[Try it] Restate exactly, and only, the lines spanning from the one with "Avioanele ar putea rămâne la sol" to the end of the records below.

[Given records]
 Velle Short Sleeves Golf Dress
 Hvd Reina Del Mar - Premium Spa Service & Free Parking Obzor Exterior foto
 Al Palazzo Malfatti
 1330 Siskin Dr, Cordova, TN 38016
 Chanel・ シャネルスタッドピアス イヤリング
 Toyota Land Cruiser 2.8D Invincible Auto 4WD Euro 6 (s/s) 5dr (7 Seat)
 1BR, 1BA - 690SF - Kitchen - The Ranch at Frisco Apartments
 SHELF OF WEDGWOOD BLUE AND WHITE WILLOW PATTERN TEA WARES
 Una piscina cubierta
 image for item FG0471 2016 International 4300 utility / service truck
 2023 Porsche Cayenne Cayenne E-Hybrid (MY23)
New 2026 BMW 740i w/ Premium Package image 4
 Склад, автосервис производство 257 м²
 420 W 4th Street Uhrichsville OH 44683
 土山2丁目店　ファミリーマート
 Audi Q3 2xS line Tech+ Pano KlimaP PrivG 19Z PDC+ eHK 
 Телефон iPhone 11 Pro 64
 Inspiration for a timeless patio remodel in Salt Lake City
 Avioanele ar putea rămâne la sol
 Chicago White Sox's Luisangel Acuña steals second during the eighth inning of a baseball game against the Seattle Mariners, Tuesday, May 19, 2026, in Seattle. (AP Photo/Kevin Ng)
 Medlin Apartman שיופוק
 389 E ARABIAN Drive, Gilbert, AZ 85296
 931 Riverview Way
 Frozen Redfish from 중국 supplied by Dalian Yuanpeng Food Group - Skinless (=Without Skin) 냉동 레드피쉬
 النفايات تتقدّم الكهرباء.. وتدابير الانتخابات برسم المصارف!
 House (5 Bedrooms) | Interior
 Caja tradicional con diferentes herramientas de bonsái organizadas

[Solution to this task]
 Avioanele ar putea rămâne la sol
 Chicago White Sox's Luisangel Acuña steals second during the eighth inning of a baseball game against the Seattle Mariners, Tuesday, May 19, 2026, in Seattle. (AP Photo/Kevin Ng)
 Medlin Apartman שיופוק
 389 E ARABIAN Drive, Gilbert, AZ 85296
 931 Riverview Way
 Frozen Redfish from 중국 supplied by Dalian Yuanpeng Food Group - Skinless (=Without Skin) 냉동 레드피쉬
 النفايات تتقدّم الكهرباء.. وتدابير الانتخابات برسم المصارف!
 House (5 Bedrooms) | Interior
 Caja tradicional con diferentes herramientas de bonsái organizadas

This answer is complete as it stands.